LDL 胆固醇与心血管事件之间的 J 形关联:全国超过 240 万人的纵向一级预防队列

低密度脂蛋白(LDL)降胆固醇治疗有利于高危动脉粥样硬化性心血管疾病(ASCVD)的二级或一级预防。然而,低 LDL 胆固醇水平对既往无 ASCVD 且未使用他汀类药物的患者的预后影响仍然难以捉摸。在全国范围内的队列中,纳入了 2,432,471 名既往没有 ASCVD 或他汀类药物使用史的参与者。对于心肌梗塞 (MI) 和缺血性中风 (IS),参与者从 2009 年至 2018 年进行了随访。
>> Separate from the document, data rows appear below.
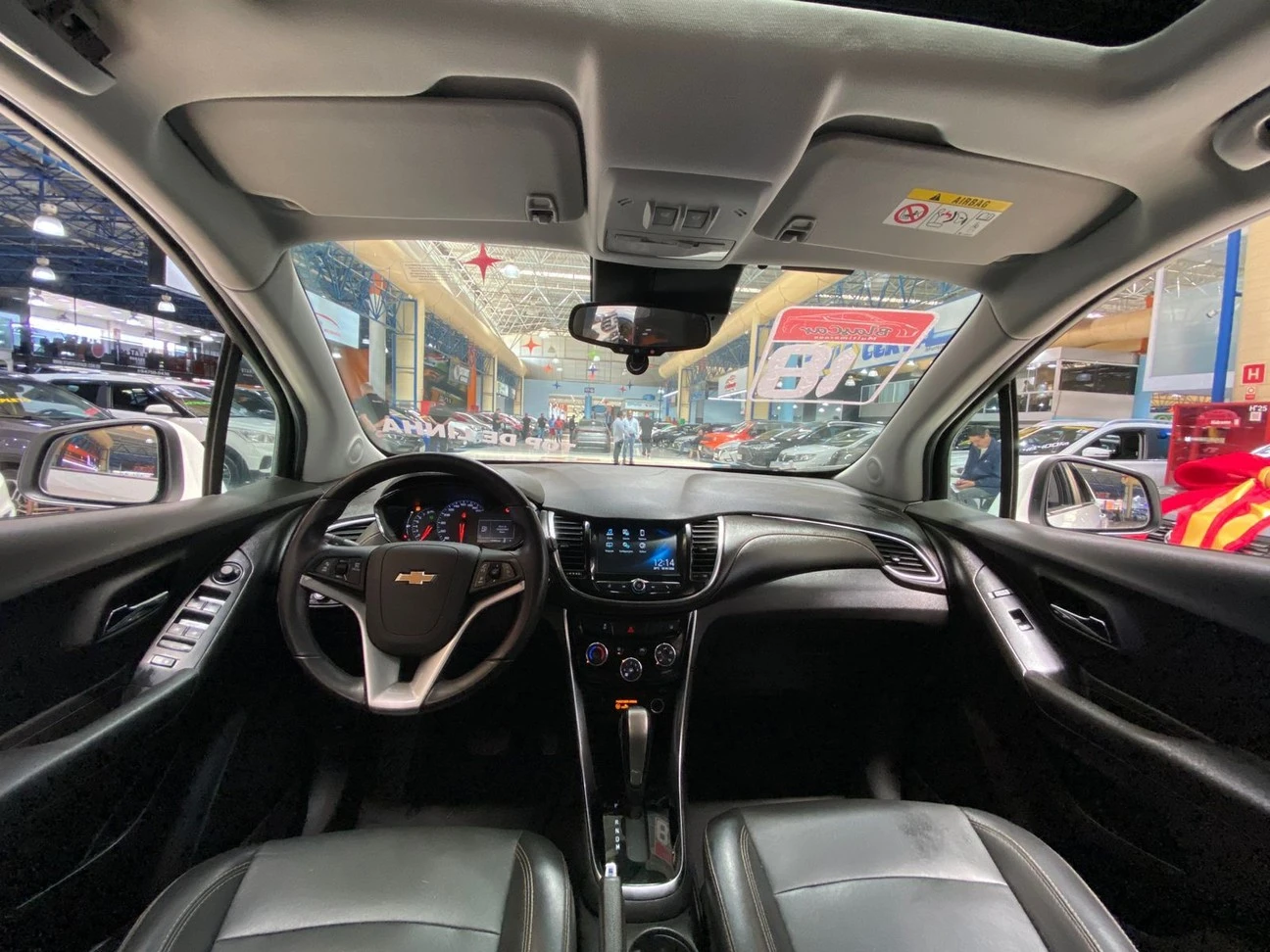 CHEVROLET TRACKER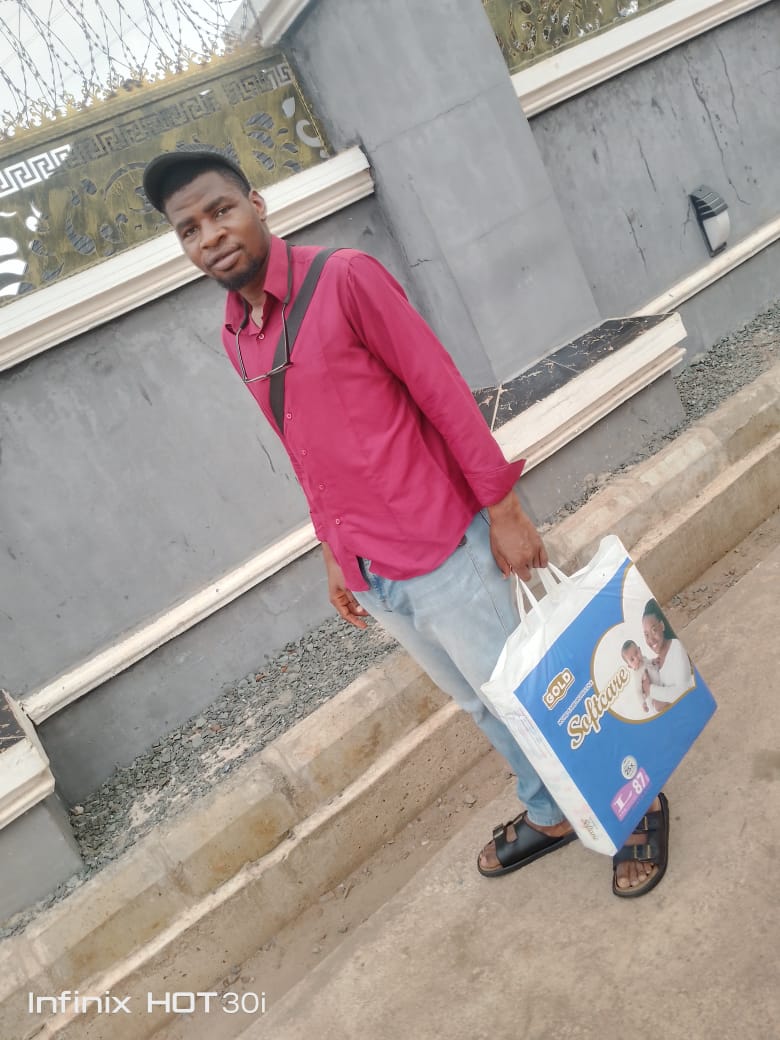 Chinedu Kingsley (Billionaire)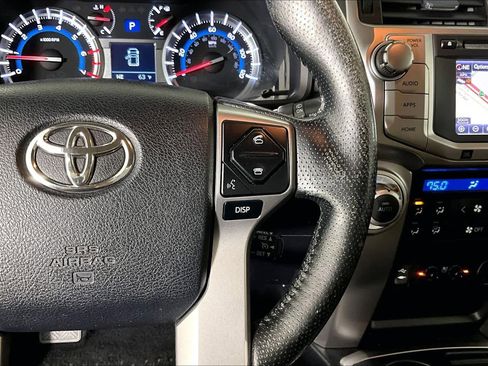 Used 2014 Toyota 4Runner Limited image 23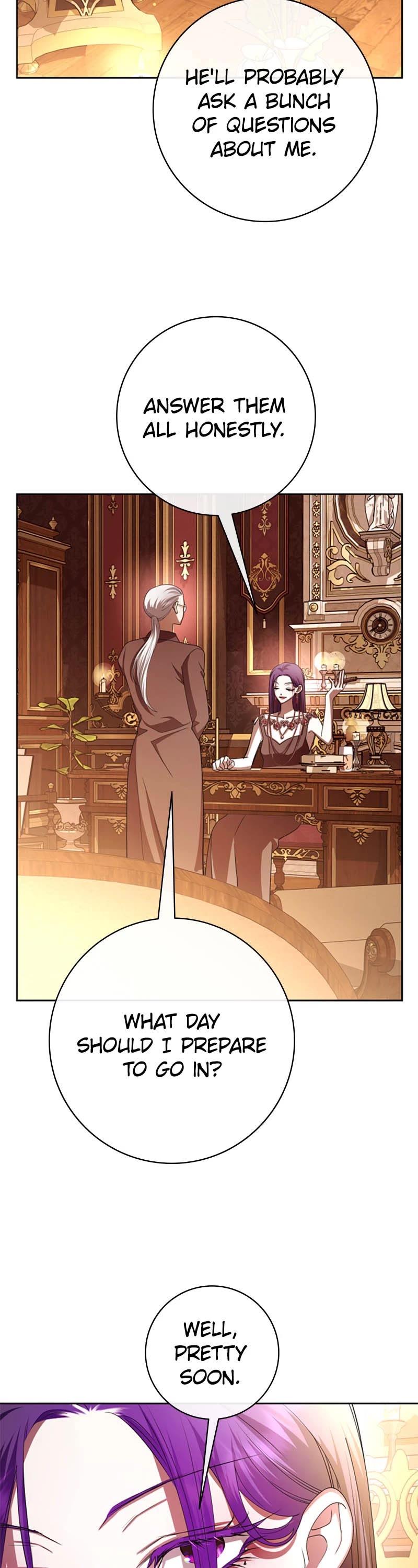 I Want to Be You, Just For a Day chapter 194 page 31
他们根据 10 年 ASCVD 风险进行分层(<5%、5%–<7.5%、7.5%–<20 % 和 ≥20 %)和 LDL 胆固醇水平(<70、70–99、100–129、130–159、160–189 和 ≥190 mg/dL)。 MI 和 IS 的 LDL 胆固醇水平与 ASCVD 事件之间的关系均呈现 J 形曲线。根据 ASCVD 风险进行分类后,对于 MI 和 IS 的组合,一致观察到这种 J 形关系。 LDL 胆固醇水平<70 mg/dL 的参与者比 ASCVD 低风险组中 LDL 胆固醇水平为 70-99 mg/dL 或 100-129 mg/dL 的参与者显示出更高的 MI 风险。 LDL 胆固醇水平与 MI 风险之间的 J 形曲线在 ASCVD 风险组中减弱。对于 IS,LDL 胆固醇水平 <70 mg/dL 的参与者与处于临界、中间水平的 70-99 mg/dL、100-129 mg/dL 或 130-159 mg/dL 水平的参与者相比,风险增加和高 ASCVD 风险人群。相反,在服用他汀类药物的参与者中观察到线性相关性。有趣的是,LDL 胆固醇和高敏 C 反应蛋白 (hs-CRP) 水平之间存在 J 形关联; LDL 胆固醇水平<70 mg/dL 的个体中,平均 hs-CRP 水平和 hs-CRP 水平升高的个体比例相对较高。虽然高 LDL 胆固醇水平会增加 ASCVD 的风险,但低 LDL 胆固醇水平并不能保证避免 ASCVD。因此,应仔细监测低密度脂蛋白胆固醇水平较低的个体。